Cashed-up Alicanto targets ‘massive’ copper-gold system at Wolf Mountain
Link copied to
Special Report: A strongly supported $2.5m placement allows Swedish explorer Alicanto to maintain exploration momentum at the new high-grade Wolf Mountain discovery.
Alicanto (ASX:AQI) is enjoying considerable early success at its projects in the historic mining district of Bergslagen.
The share price, up ~130 per cent in 2020, tells the tale.
This new $2.5m cash injection means the company can maintain this momentum. Wolf Mountain alone, prospective for high-grade and bulk-tonnage copper-gold deposits, is a potential company changer.
“As we peel the onion skin back [at Bergslagen], we are getting super excited by what we are seeing,” Alicanto chief exec Peter George says.
“Everyone I’m talking to — investors and shareholders alike — are wrapped that we have been able to get this money in the kitty.
“We run on the sniff of an oily rag, so the majority of this money will go into the ground.”
When Alicanto first acquired projects in the mineral-rich Bergslagen district it had some new theories about the kind of geology it was dealing with at Falun.
They believed that some of the traditional understandings of the region were not 100% accurate.
Until recently, a common belief was that the large Garpenberg and Falun mines (below) were standard VMS (Volcanogenic Massive Sulphides).
VMS deposits are rich in base and precious metals like copper, zinc, lead, gold and silver; and because these deposits tend the ‘cluster’ together, VMS camps can often be mined for a very, very long time.
In the late 90s, mine owner Boliden had resigned itself to the fact that the two massive Garpenberg orebodies (the North and South mines), about 8km apart, had been completely mined out over a period of around 800 years.
A lot of drilling had occurred between the two mines over many years, without success.
Boliden signed off on closing the mine when Chief Geologist Erik Lundstam — now with Alicanto — tested a new theory.
“He said — ’we don’t think that these are traditional VMS style deposits, but are what you call Carbonate Replacement Deposits’ (VMS CRD),” George says.
“Unlike traditional VMS, VMS CRD can be ‘tracked’ by following limestone ore horizons for tens or even hundreds of kilometres.
“Erik and his team soon realised that many years of drilling at Garpenberg had never actually intersected this limestone ore horizon and had either stopped short in the hanging wall or footwall.”
Lundstam convinced Boliden management to put a couple of holes into where he believed the limestone ore horizon should be. And the second hole intersected 30m of high-grade VMS. One of Erik’s six major discoveries in Sweden over the last 20 years.
“Over the next few years they managed to delineate 120 million tonnes of ore [at Lappberget and its surrounds] — 30 years’ worth of production — which went a long way to securing the miners future,” George says.
This whole region has been misunderstood, says George.
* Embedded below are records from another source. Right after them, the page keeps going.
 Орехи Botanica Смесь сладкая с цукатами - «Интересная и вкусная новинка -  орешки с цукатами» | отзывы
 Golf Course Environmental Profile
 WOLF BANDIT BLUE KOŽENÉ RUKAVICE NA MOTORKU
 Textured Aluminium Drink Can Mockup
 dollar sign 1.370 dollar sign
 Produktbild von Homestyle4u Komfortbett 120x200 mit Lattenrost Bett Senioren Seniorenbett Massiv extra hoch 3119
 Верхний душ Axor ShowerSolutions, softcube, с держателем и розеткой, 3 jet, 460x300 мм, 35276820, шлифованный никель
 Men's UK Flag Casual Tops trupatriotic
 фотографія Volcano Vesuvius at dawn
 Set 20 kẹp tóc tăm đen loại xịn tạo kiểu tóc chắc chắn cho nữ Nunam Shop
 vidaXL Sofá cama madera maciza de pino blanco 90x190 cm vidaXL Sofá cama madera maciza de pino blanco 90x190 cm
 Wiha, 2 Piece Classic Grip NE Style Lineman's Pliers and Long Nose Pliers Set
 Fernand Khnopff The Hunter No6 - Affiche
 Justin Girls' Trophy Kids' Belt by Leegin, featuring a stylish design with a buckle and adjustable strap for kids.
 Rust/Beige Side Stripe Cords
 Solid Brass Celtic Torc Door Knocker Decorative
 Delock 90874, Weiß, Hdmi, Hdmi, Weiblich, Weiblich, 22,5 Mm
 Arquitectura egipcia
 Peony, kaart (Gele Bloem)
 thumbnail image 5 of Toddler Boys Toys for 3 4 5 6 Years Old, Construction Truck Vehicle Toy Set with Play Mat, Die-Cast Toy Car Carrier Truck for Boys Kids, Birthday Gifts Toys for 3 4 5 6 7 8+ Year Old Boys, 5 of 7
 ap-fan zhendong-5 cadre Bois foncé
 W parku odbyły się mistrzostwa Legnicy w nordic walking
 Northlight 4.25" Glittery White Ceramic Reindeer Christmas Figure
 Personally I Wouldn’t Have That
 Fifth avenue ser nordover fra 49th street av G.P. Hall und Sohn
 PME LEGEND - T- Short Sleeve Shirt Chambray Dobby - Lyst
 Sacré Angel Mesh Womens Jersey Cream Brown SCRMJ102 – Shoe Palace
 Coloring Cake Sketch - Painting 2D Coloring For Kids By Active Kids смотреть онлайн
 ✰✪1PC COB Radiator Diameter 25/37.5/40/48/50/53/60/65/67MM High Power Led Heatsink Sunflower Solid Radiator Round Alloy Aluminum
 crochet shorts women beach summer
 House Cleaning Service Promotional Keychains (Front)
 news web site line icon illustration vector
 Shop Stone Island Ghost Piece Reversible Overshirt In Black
On Alicanto’s ground alone there is more than 45km of mostly untested limestone ore horizon that has not been recognised until now.
“We walked the whole thing during the summer of 2019 as part of our reinterpretation of the underlying geology and also drilled into the Lustebo anomaly – all of which confirmed the presence of high grade VMS, but more importantly the sulphides are hosted within a limestone ore horizon,” he says.
“But it gets better! We got to the very western side of our tenement package to a place called Wolf Mountain and found some rocks on surface up to 11.9 per cent copper and 2.9g/t gold.”
Based on the traditional understanding of the area those rocks should not have been there as they were highly altered and did not fit the VMS style of mineralisation.
Alicanto then found a whole bunch of historic workings nearby – located on four separate mineralised trends over 1km in strike “mined by old timers going back into the 1700s”, George says.
“We realised there was a big fault there and a large structurally hosted corridor, anything up to 3.3km wide and 14km long.
“This whole area had never been drilled.”
Alicanto conducted an IP survey which highlighted some very strong High IP – Low Res anomalies and followed up with a maiden drill hole.
That drill hole hit what we believe to be a large disseminated halo sitting around a [higher grade] vein,” George says.
“Consequently, we have steepened the next hole to target that high-grade vein, to get an idea of how big this particular anomaly is.
“But keep in mind that there are at least three more parallel zones that the old boys were mining. We haven’t tested any of these yet.”
Within the next six months Alicanto expects to have a few thousand metres of drilling completed at Wolf Mountain.
“We will soon understand not only what the old boys were chasing 300 years ago; we believe we will also understand the ‘genesis’ of this system,” George says.
“At the moment, every hole is a winner and we are exponentially increasing our understanding of what we are dealing with, how it is formed and where the best place is to drill for economically viable mineralisation”.